논문의 요지 → 1) 어떤 새로운 기술을 도입해 2) 이만큼의 향상된 결과를 냈다

  • 즉, 논문의 핵심은 → ‘향상된 결과’를 낼 수 있었던 원인이 ‘어떤 기술’ 인가
  • 추가로, ‘이만큼 향상됐음’의 근거는 무엇인가

이번 논문 과제의 의도는 연구실이 기반하고 있는 연구 분야가 무엇인지 이해하는 것이라고 생각

따라서 ‘기술’에 주안점을 두고 논문 리딩 진행

💡논문에서 내가 얻어야 할 것은?

→ 향상된 결과의 기반이 되었던 기술적 발전은 무엇인가?

  • multiple binaries analysis + inter-binary data flow analysis

→ 그것은 어떤 아이디어에 기반하였는가?

  • Modeling &Tracking multi-binary interactions
  • IPC paradigm used in one firmware is likely to be finite(concept)
    • 한 바이너리의 data I/O 파악(mid-implementation) → inter-binary data flow recovery
  • by leveraging CPF(Communication Paradigm Finder) modules(Implementation)


시행착오

  • Appendix가 기술set 설명과 매우 밀접해 보여, 원활한 이해를 위해 Approach Overview를 읽고 바로 Appendix를 읽었음.
    • 그러나 Appendix는 핵심 기술의 component 레벨 요소에 관한 세부 설명이었음
    • 즉 논문 본문을 다 읽고 Appendix를 읽는 것이 효율적이었음


1. Introduction

1.1. Abstract

image.png

  • IoT devices - Software on these systems(Firmware)
    • Analysis challenged
      • Hardware-dependent
      • Not-standardized Environment → 1) unique & minimal 2) non-standard configurations
    • Analysis complicated
      • Multiple Binaries
        • Addressing the communication between executables is complicated
  • KARONTE
    • Static
    • Modeling & Tracking multi-binary interactions
    • Starting from taint information → insecure interactions → vulnerability identification
    • Evaluation
      1. On Tracking&Constraining Multi-binary interactions abilities
      2. On Scaling ability about:
        1. firmwares with various size and complexity


2. Background

Emersion of IoT devices

  • Vast amount of IoT devices introduced new-coined threats into cybersecurity landscape
  • Techniques that are invented, especially in the perspective of unpacking binaries, were insufficient


Constraint of traditional analysis techniques

  • Interconnected components(functionality based on multiple programs execution)

    ↔ analysis without accounting for the internal flow of data

    → Ignore meaningful constraints arise from inter-binary communication

    → Inability to differentiate sources of input(attacker-controlled or non-attacker-controlled)

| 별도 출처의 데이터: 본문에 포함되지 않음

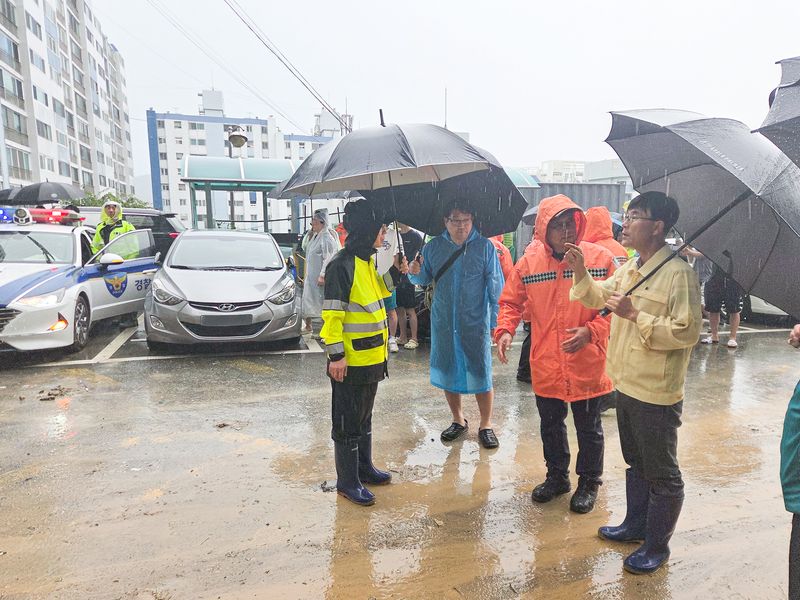 [거제=뉴시스] 신정철 기자= 경남 거제시는 800mm 넘는 기록적 폭우로 인한 피해가 속출함에 따라 17일 전 직원을 투입해 피해 복구에 총력을 기울이고 있다.사진은 변광용 시장이 이른 아침 옥포동 산사태 현장 등을 찾아 피해 상황을 확인하고 있다.(사진=거제시 제공).2026.08.17. photo@newsis.com *재판매 및 DB 금지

    → Limited search performance that leads to uncovering only superficial bugs

Hence,

  • Consideration about multiple binary execution is necessary
  • Analysis on the data shared among multiple binary is necessary


KARONTE

  • Static
  • Track data flow
  • Intuition:
    1. IPC paradigm used in one firmware is likely to be finite
    2. Derive commonalities in the paradigm set
    3. Use the commonalities to detect input locations & inter-component interactions
    4. Use the verified interactions to track inter-component data flow
    5. Perform cross-binary taint analysis
    6. Detect insecure uses(potential vulnerabilities)


3. Approach Overview

여기 설명된 항목 정리하고 Appendix에 나온 거랑 매핑해서 정리하자


3.1. Firmware Pre-processing

  • unpack firmware sample using ‘binwalk’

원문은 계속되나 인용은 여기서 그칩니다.